START Data excerpt

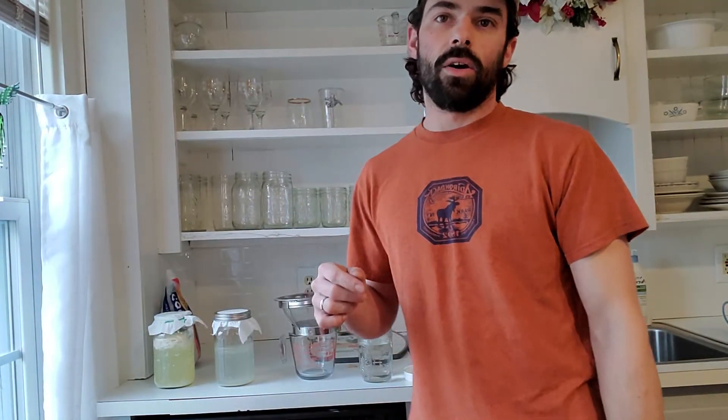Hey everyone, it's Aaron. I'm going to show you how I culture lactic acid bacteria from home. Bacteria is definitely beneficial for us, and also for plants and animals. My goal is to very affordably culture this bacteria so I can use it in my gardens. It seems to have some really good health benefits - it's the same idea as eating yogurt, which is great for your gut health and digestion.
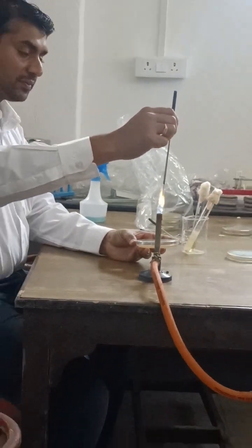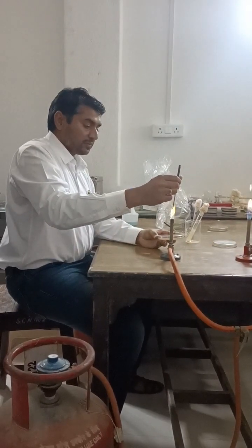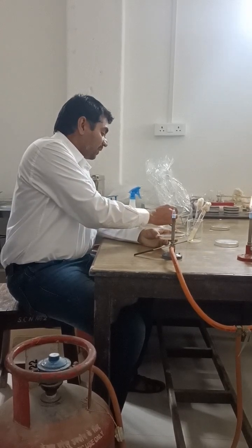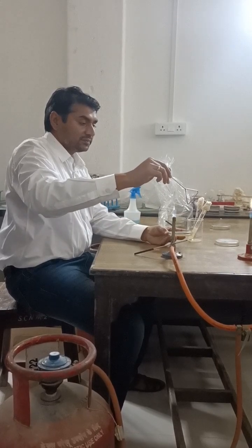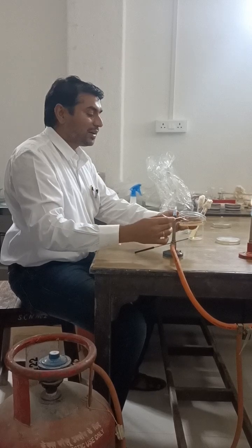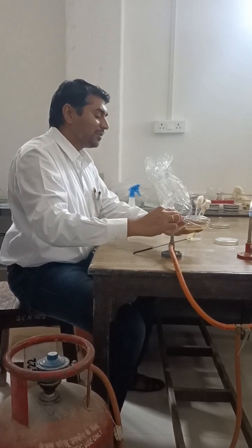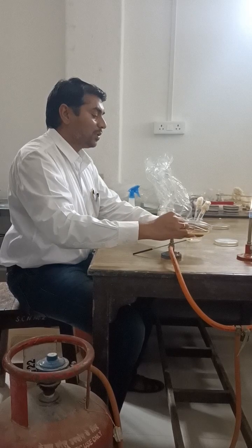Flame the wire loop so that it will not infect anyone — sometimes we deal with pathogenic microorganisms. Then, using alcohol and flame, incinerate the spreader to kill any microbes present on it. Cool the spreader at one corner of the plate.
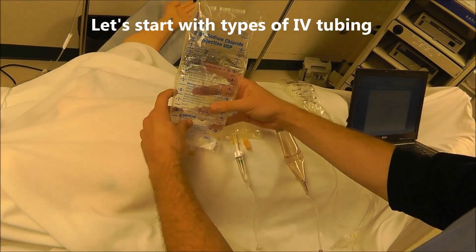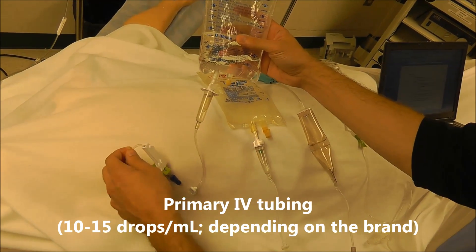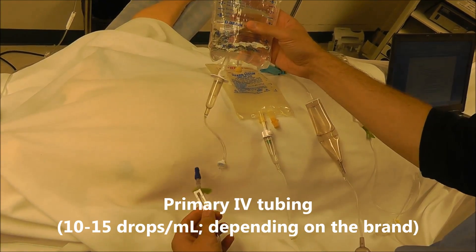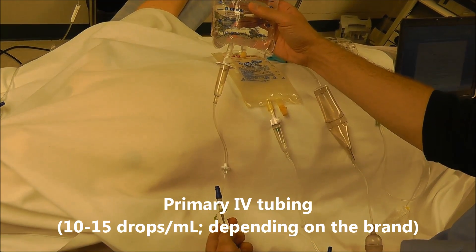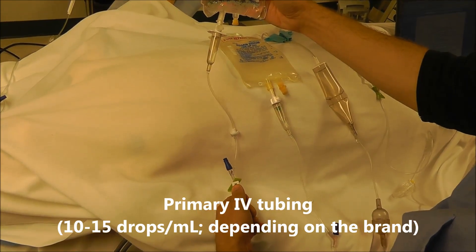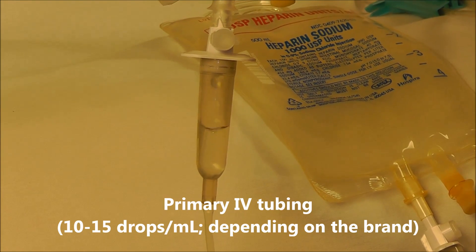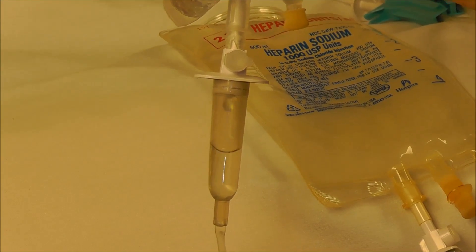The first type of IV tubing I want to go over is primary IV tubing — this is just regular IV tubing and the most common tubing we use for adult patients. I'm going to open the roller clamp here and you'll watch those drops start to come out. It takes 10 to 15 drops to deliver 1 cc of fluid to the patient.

END Data excerpt

Your assignment
The reply should hold every line of the material above, unchanged, and no pictures.

Solution for this exercise
Hey everyone, it's Aaron. I'm going to show you how I culture lactic acid bacteria from home. Bacteria is definitely beneficial for us, and also for plants and animals. My goal is to very affordably culture this bacteria so I can use it in my gardens. It seems to have some really good health benefits - it's the same idea as eating yogurt, which is great for your gut health and digestion.
Flame the wire loop so that it will not infect anyone — sometimes we deal with pathogenic microorganisms. Then, using alcohol and flame, incinerate the spreader to kill any microbes present on it. Cool the spreader at one corner of the plate.
The first type of IV tubing I want to go over is primary IV tubing — this is just regular IV tubing and the most common tubing we use for adult patients. I'm going to open the roller clamp here and you'll watch those drops start to come out. It takes 10 to 15 drops to deliver 1 cc of fluid to the patient.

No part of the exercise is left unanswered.